Source records
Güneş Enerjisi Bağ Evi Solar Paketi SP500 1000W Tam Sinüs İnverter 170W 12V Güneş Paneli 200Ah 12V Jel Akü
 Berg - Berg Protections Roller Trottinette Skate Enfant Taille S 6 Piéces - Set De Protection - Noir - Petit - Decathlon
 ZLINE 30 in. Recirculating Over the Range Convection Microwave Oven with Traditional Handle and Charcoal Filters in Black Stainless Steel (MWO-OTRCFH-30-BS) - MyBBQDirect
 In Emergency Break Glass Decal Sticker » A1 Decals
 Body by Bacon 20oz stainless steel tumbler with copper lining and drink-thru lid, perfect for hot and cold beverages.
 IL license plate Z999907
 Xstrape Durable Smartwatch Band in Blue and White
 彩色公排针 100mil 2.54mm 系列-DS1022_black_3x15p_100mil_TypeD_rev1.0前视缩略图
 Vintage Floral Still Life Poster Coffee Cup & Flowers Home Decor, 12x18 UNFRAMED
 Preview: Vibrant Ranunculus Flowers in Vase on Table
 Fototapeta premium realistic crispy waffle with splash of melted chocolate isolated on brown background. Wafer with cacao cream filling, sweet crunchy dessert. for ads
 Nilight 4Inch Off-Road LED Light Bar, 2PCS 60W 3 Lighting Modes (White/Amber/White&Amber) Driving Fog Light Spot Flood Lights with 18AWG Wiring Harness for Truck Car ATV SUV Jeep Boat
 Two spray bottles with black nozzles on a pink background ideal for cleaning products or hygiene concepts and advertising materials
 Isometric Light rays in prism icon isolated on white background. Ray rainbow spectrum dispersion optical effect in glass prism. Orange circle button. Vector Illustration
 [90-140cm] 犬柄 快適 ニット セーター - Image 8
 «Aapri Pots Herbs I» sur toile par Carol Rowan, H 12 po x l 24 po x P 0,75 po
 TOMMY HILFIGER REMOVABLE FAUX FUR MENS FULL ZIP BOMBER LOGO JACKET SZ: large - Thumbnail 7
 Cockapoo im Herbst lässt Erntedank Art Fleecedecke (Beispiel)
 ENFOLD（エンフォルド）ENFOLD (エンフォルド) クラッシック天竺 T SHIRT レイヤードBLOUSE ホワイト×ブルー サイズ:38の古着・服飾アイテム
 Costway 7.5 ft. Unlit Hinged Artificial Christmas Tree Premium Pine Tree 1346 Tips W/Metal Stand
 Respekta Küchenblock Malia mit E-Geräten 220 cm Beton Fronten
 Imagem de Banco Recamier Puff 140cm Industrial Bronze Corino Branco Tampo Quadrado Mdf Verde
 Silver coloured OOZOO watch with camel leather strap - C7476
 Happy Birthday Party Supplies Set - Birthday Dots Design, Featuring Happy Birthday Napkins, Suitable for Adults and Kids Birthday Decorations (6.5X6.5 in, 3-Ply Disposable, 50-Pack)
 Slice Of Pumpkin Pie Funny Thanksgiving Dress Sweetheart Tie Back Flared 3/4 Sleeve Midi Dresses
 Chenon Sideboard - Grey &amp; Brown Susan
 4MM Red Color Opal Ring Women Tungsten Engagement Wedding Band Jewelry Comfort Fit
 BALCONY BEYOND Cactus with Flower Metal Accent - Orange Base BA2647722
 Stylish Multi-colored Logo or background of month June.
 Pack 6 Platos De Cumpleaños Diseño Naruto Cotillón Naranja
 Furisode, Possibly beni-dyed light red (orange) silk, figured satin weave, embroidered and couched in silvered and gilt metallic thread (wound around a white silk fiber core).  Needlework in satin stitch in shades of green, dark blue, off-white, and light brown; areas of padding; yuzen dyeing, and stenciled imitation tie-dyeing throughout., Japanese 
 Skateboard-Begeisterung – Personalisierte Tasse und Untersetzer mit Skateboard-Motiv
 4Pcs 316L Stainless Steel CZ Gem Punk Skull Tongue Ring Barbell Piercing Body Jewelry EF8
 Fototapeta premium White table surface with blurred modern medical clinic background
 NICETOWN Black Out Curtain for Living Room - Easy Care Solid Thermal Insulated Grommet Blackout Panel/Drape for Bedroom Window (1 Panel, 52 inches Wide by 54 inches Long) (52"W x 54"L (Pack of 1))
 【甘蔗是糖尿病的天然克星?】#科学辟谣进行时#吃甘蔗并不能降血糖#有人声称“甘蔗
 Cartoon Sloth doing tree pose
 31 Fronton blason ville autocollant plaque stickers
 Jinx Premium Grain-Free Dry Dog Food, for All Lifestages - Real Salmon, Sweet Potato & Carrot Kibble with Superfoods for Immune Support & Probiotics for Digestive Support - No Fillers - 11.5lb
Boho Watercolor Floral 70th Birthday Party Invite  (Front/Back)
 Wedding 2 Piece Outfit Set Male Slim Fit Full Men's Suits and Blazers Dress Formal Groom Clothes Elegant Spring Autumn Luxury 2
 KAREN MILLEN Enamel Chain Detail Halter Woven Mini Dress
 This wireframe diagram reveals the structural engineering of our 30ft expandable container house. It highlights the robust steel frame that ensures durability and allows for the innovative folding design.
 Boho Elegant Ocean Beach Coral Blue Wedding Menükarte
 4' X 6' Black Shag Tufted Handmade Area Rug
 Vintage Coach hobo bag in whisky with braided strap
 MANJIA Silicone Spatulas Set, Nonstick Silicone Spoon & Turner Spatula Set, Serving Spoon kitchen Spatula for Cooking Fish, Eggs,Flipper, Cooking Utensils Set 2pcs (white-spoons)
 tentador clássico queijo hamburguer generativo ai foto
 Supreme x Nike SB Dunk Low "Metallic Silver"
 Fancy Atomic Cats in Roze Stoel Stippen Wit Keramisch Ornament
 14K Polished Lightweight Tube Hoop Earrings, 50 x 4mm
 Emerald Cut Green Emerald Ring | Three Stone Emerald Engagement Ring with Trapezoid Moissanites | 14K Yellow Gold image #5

_TASK BRIEF_.
As the answer, set down only the lines from the data above between the one holding "Costway 7.5 ft." and the one holding "Silver coloured OOZOO", inclusive, exactly as they read.

_SOLUTION TO THIS EXERCISE_.
 Costway 7.5 ft. Unlit Hinged Artificial Christmas Tree Premium Pine Tree 1346 Tips W/Metal Stand
 Respekta Küchenblock Malia mit E-Geräten 220 cm Beton Fronten
 Imagem de Banco Recamier Puff 140cm Industrial Bronze Corino Branco Tampo Quadrado Mdf Verde
 Silver coloured OOZOO watch with camel leather strap - C7476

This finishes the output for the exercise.